ACTION ITEM →
Given the entries below, would you transcribe exactly the lines starting at the one with "Хетчбек Volkswagen e-Golf 2015 в Рівному" and ending at the one with "36001 Cabrillo Dr, Fremont, CA 94536", both kept, pictures omitted, nothing extra?

(Short descriptive text snippets)
--- START ---
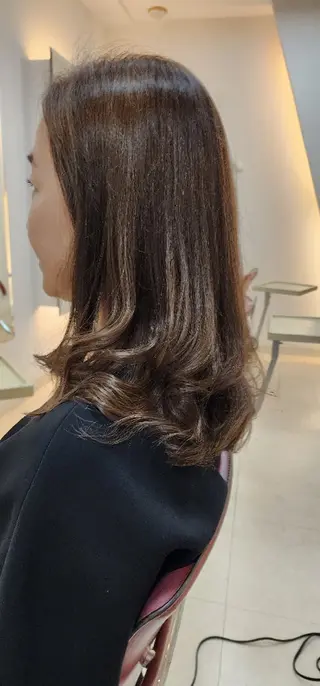 ロング カラー hairmake Juinのヘアスタイル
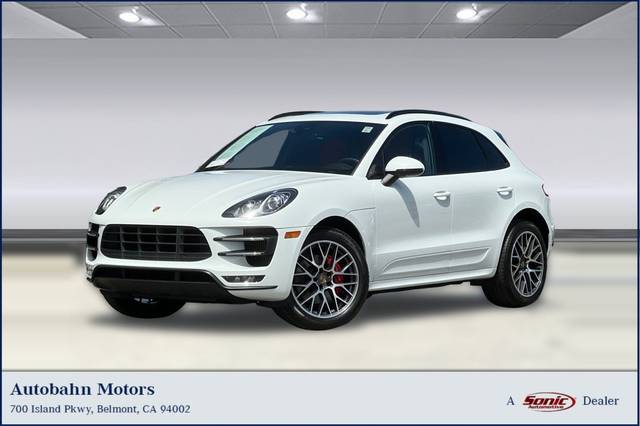 2017 Porsche Macan Turbo AWD photo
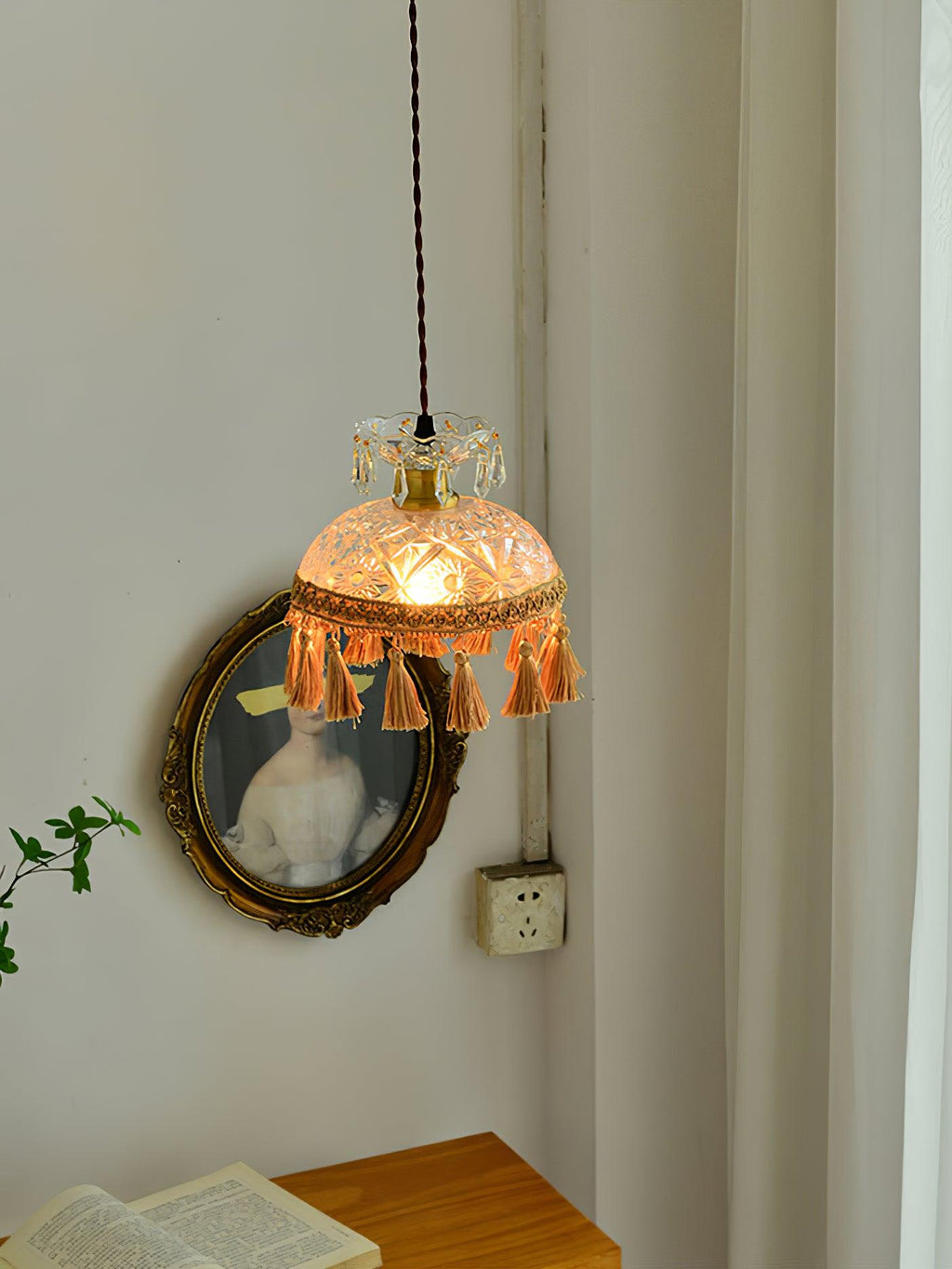 Finris Glass Pendant Light-Moonnatur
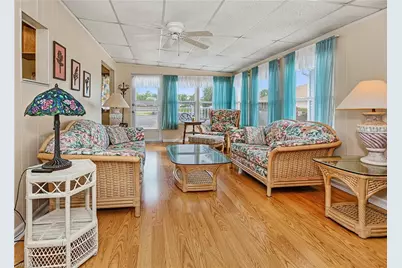 310 Fountain View Blvd, North Fort Myers, FL 33903 - Photo 9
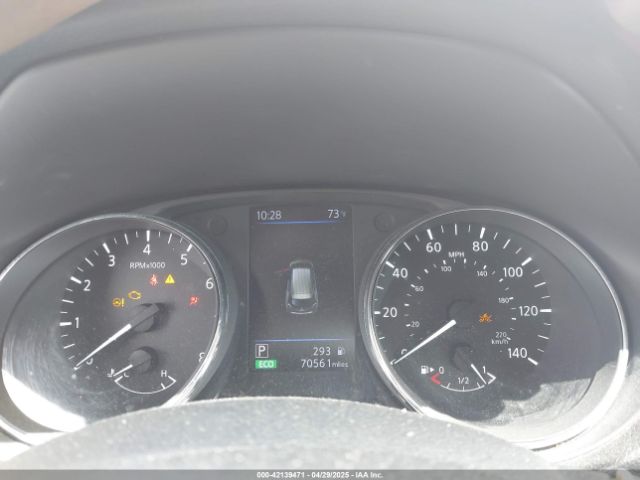 5N1AT2MT6JC803483 Nissan ROGUE SV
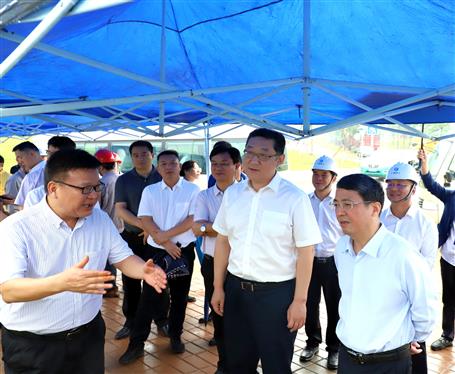 柳州市委書(shū)記吳煒、市長(zhǎng)張壯到公司項(xiàng)目調(diào)研指導(dǎo)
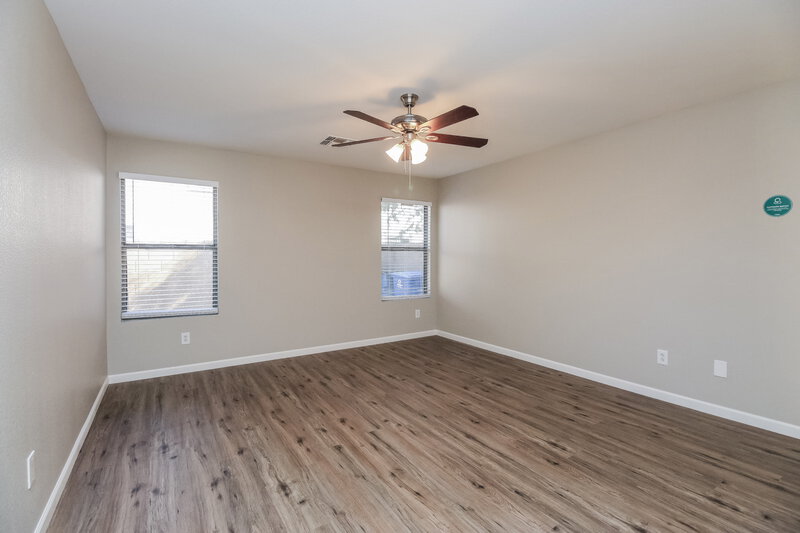 1,920/Mo, 2229 E 35th Ave Apache Junction, AZ 85119 Main Bedroom View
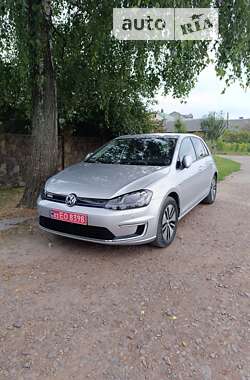 Хетчбек Volkswagen e-Golf 2015 в Рівному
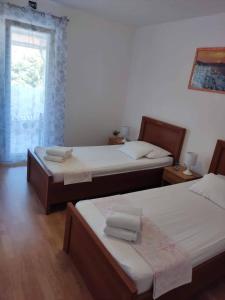 Posteľ alebo postele v izbe v ubytovaní Apartments with parking spaces Razanj, Rogoznica - 17328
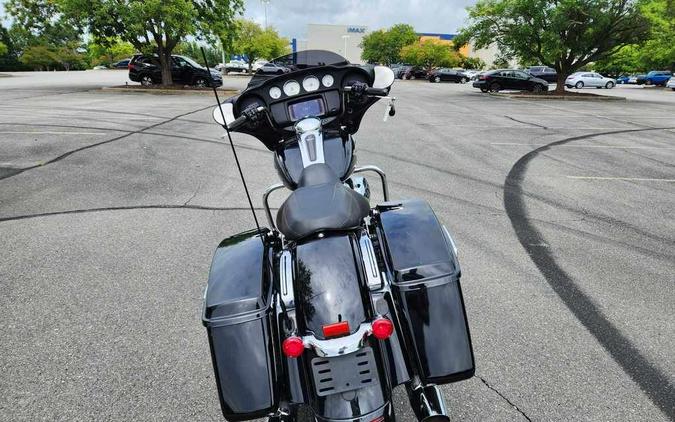 2020 Harley-Davidson Street Glide® Base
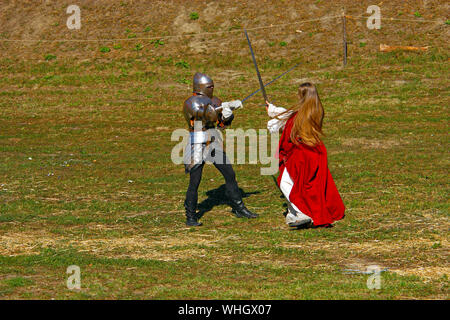 Croazia KOPRIVNICA, 11 settembre 2011: la signora in rosso in un duello con un cavaliere, a una fiera medievale in KOPRIVNICA, Croazia Foto Stock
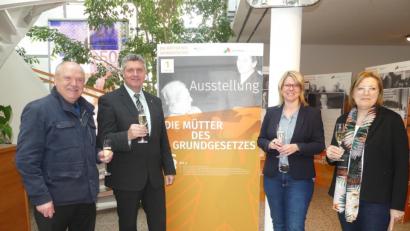 Bild: rn
Bürgermeister Peter Lehr, Filialdirektor Wolfgang Busch, Bildungsmanagerin Julia Lenhart und Gleichstellungsbeauftragte Brigitte Menzel (von links) eröffnen in der Sparkasse die Ausstellung "Die Mütter des Grundgesetzes".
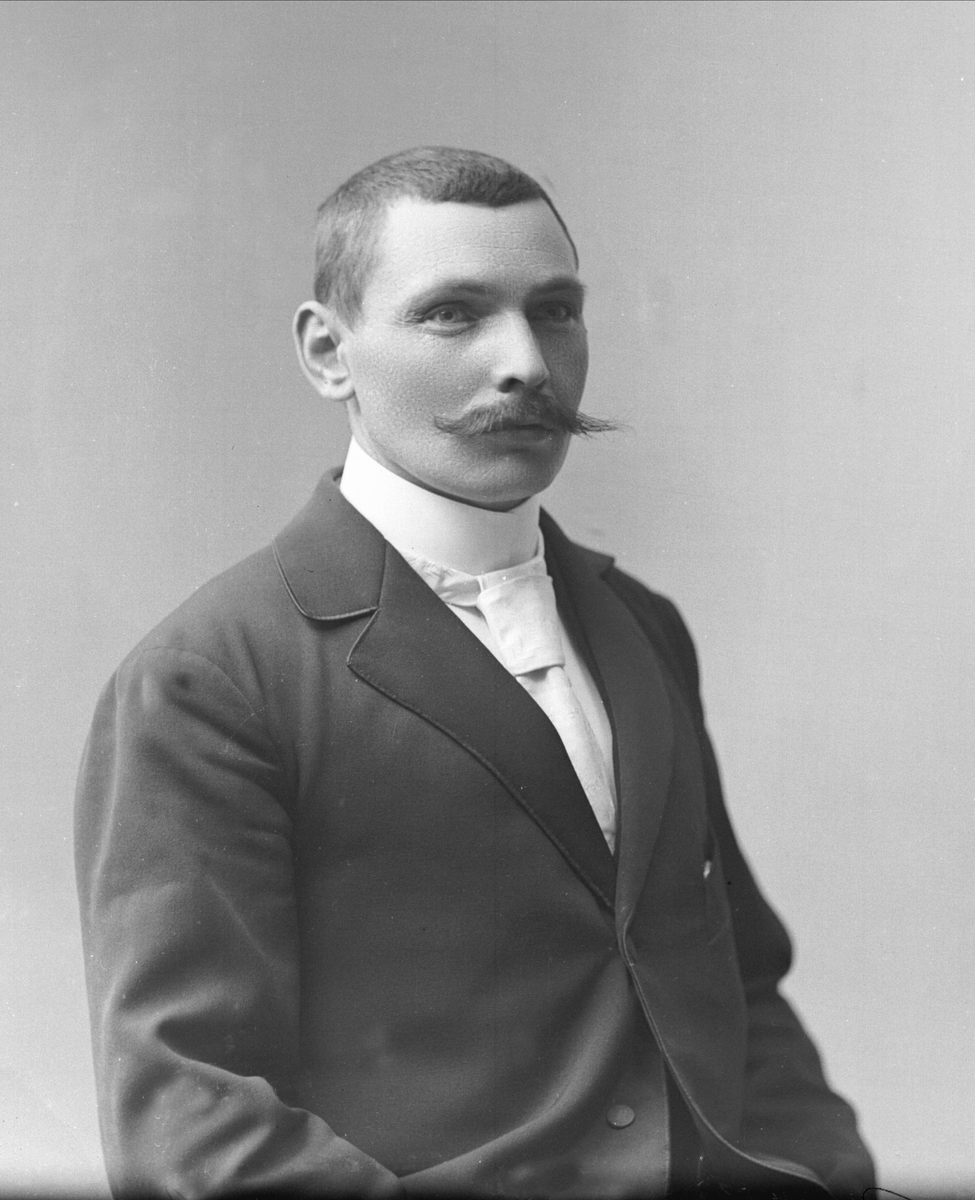 Gustav Borgen, NFB.30059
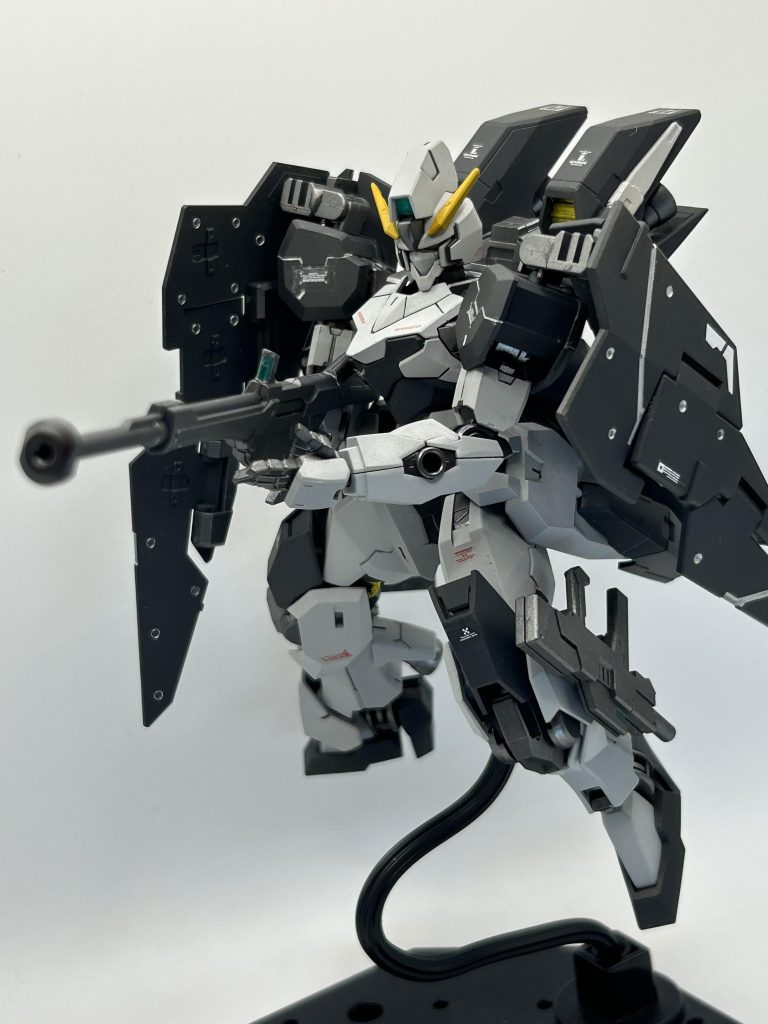 頭部は大型のセンサーを取り付けたかったので、デュナメスのフロントアーマーのパーツを頭にパテで取り付けています。少しバランスが悪いですが、満足してるから良いのです。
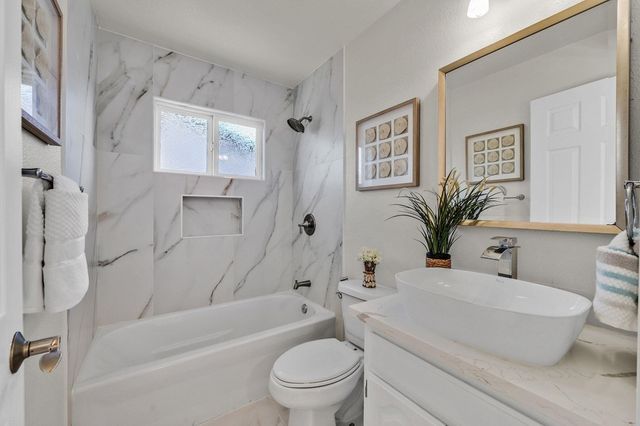 36001 Cabrillo Dr, Fremont, CA 94536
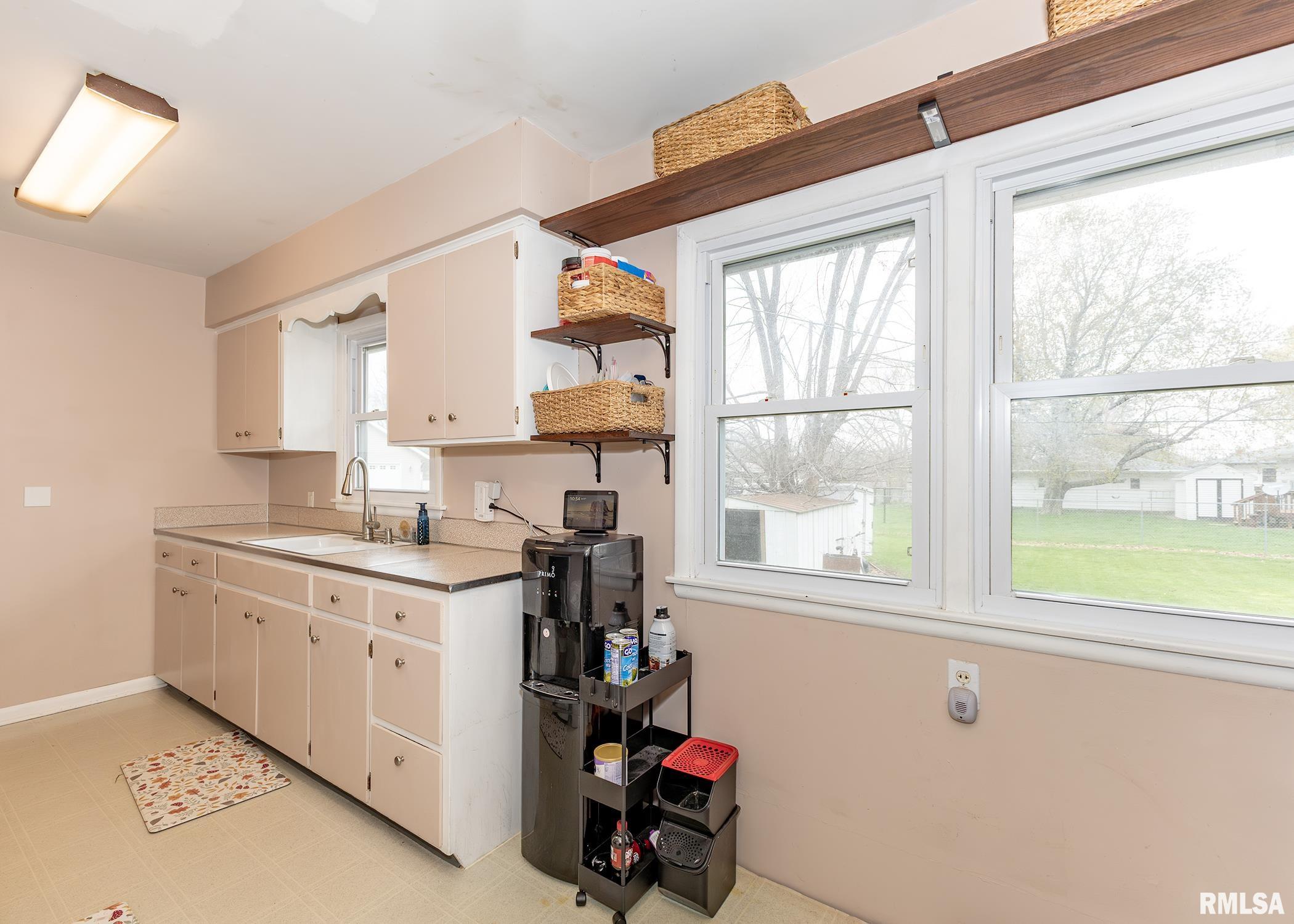 1508 3rd Street, Camanche, Iowa image 6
--- END ---
RESPONSE TO THE TASK →
 Хетчбек Volkswagen e-Golf 2015 в Рівному
 Posteľ alebo postele v izbe v ubytovaní Apartments with parking spaces Razanj, Rogoznica - 17328
 2020 Harley-Davidson Street Glide® Base
 Croazia KOPRIVNICA, 11 settembre 2011: la signora in rosso in un duello con un cavaliere, a una fiera medievale in KOPRIVNICA, Croazia Foto Stock
 Bild: rn
Bürgermeister Peter Lehr, Filialdirektor Wolfgang Busch, Bildungsmanagerin Julia Lenhart und Gleichstellungsbeauftragte Brigitte Menzel (von links) eröffnen in der Sparkasse die Ausstellung "Die Mütter des Grundgesetzes".
 Gustav Borgen, NFB.30059
 頭部は大型のセンサーを取り付けたかったので、デュナメスのフロントアーマーのパーツを頭にパテで取り付けています。少しバランスが悪いですが、満足してるから良いのです。
 36001 Cabrillo Dr, Fremont, CA 94536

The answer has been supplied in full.